In many ways both Baker and that Microsoft fellow were trying to address the issue of "why Lisp isn't popular". McCarthy tried to do this too, though he pretty much pinned it on specification (Baker did too), which has resulted in a huge debate on whether the Common Lisp standard has helped or hurt Lisp. Here's where the Common Lisp myopia sets in: not everybody who is using Lisp is using Common Lisp, and it's not obvious to me that non-standardization has been a tremendous boon for Emacs Lisp (rather, being part of Emacs has been a boon for Emacs Lisp). The language doesn't seem to be changing much faster than ANSI Common Lisp anyway, because the huge library of existing code needs to work without huge rewrites from revision to revision. (Why do you think Elisp isn't lexical-by-default?)
Even Scheme can only be called "standard" if you ignore most of the interesting issues in writing portable programs. But without a comprehensive standard, the language hasn't exactly become the next Java, and indeed a standards process has sprung up to respond to the needs of users. So there you have it: if ANSI Common Lisp did not exist, it would be necessary to invent it.
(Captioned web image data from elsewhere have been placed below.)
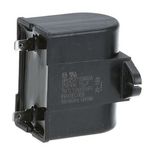 Capacitor, Motor  for Franke Part# 620411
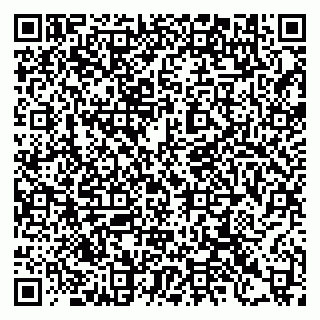 vCard 79397119993
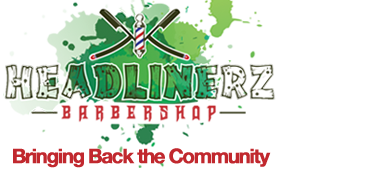 Headlinerz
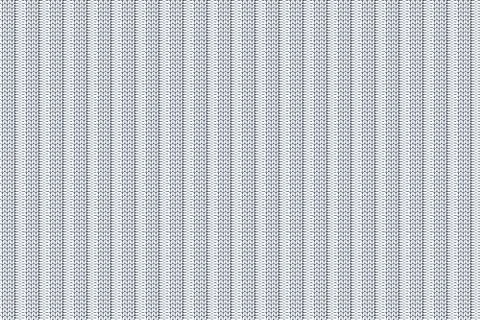 Knitting pattern for Christmas and Winter holiday background. Stock Illustration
Both Baker and that Microsoft fellow went through a laundry list of features that they see as missing from Common Lisp. I think both of them talked about Common Lisp's I-run-the-world approach to things. Once again these complaints only make sense if you ignore what other languages have done. Java isn't exactly any easier to integrate with other languages, and where it is it's because people have integrated those languages on the JVM (something that would surely be easy enough to do with Common Lisp).
More generally it's not clear to me that there's any one real language feature such that a language which lacks this feature will never be popular. Let's look at what is popular today: C, C++, Java. Python, Perl. PHP. This is not a shining list of tremendous language design. This is not a list of languages that are cutting-edge in their adoption of new features.
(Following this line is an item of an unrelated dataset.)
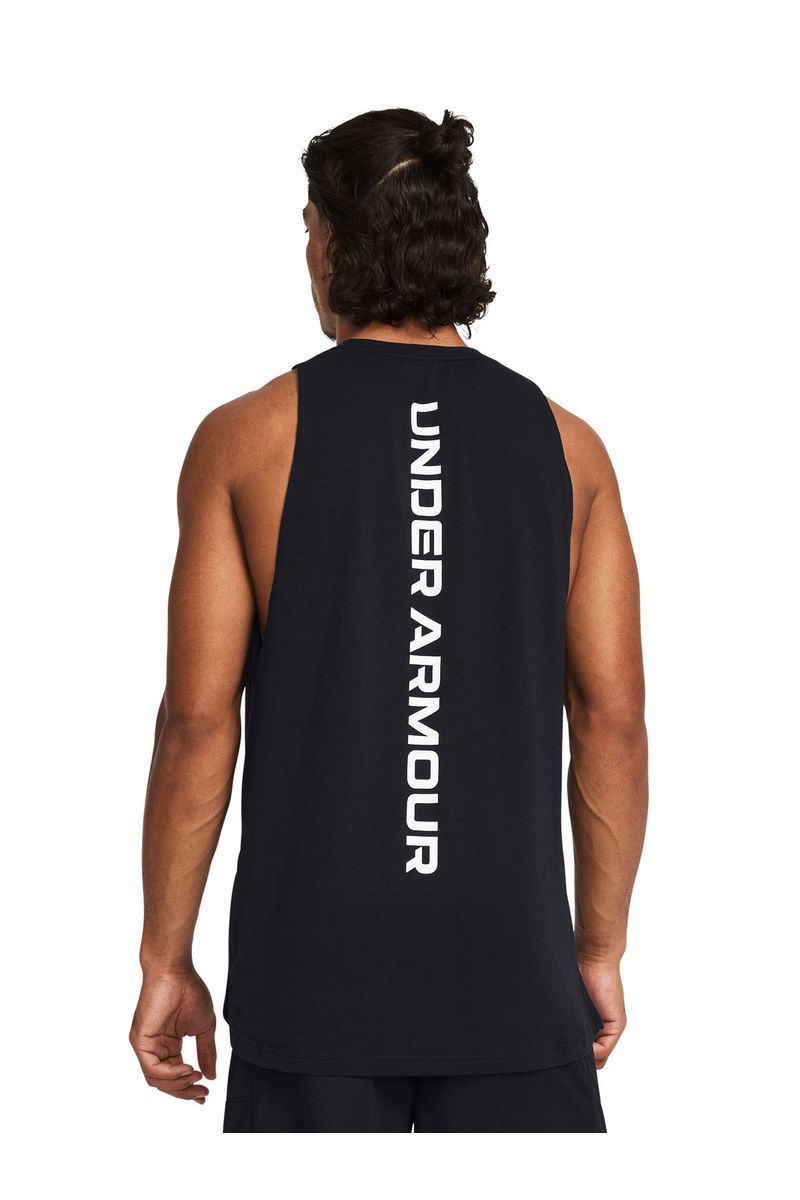 Polera-sin-mangas-UA-Zone-para-hombre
In fact the only common denominator here is that each of them has significant design flaws which would, in the academician's world, damn them to irrelevancy. C and C++ are not garbage collected. C++ can't be parsed with a context-free parser. Java's strange collection of values-which-are-not-objects is the bane of Java programmers everywhere. (It's also got the run-the-world attitude that people complain about in CL.) Python doesn't have full lambda. Its garbage collection is at least not quite as much of a joke as Perl's - Python implements mark & sweep on top of its reference counting system. Perl strings are UTF-8 in memory, which means that finding the Nth character is O(n). PHP doesn't even have arrays: you have to make do with hash tables.
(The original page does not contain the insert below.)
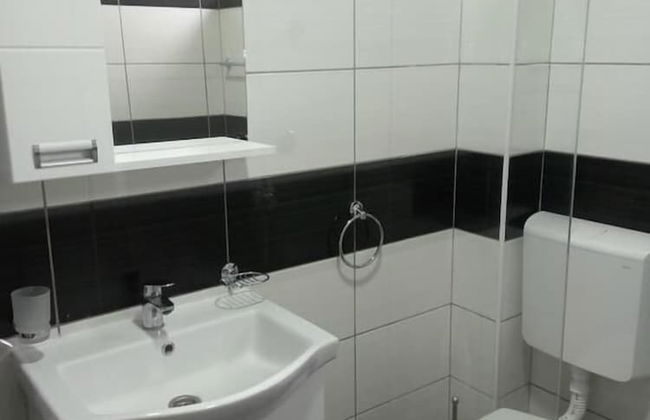 Villa Mozart - Photo 18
So, all of this said, I think there is some value to talking about why Lisp is not as popular as these languages - and its value would be realized if somebody who really cared about this attempted a serious analysis of what seems to make a language popular, and what makes it unpopular. I suspect that the result would be 90% psychological, and 50% of that would be economics. Maybe the conclusion is one we won't want to hear. Maybe the average programmer just doesn't have what it takes to think in Lisp, and much of the market is decided by the needs of the average programmer.
Henry Lieberman gave a plenary talk on programming in English, implemented with a library of common-sense facts. One inspiration for Lieberman's work was a study of how children describe the game pac-man, and whether this knowledge could be interpreted by a computer. Of course every description generated by a child was wildly incomplete, even if it was entirely correct. The machine is supposed to be able to ask refining questions, to get the child to specify the behavior further. But if the child doesn't have the ability to think in the type of abstractions that are necessary to implement a game like Pac-man, the question-and-answer session really amounts to programming-by-example in a very limited domain. To an extent this is how I think of programming in, say, Java. The domain is larger, and the grammar less flexible, but the set of abstractions at your command is nonetheless limited.
The buzzword behind programming-in-English is "programming for everyone", which implies that what is holding the everyman back from programming is language. I think by now those experienced programmers who haven't confused themselves into a research position at the Media Lab know that the language barrier simply masks a difficulty in dealing with general abstractions which is just as much of a problem in programming as it is in music theory or mathematics. So it is with Lisp, I think: the set of abstractions that Lisp programmers deal with is unbounded. The limited expressivity of many popular languages provides a way for programmers to make those abstractions appear locally to be simple function calls, method dispatch, decision statements, etc. But in Lisp this local familiarity is blown away, and the abstractions are expressed without the familiar landmarks and design patterns which litter Java programs around the world.
So what if Lisp isn't popular, anyway?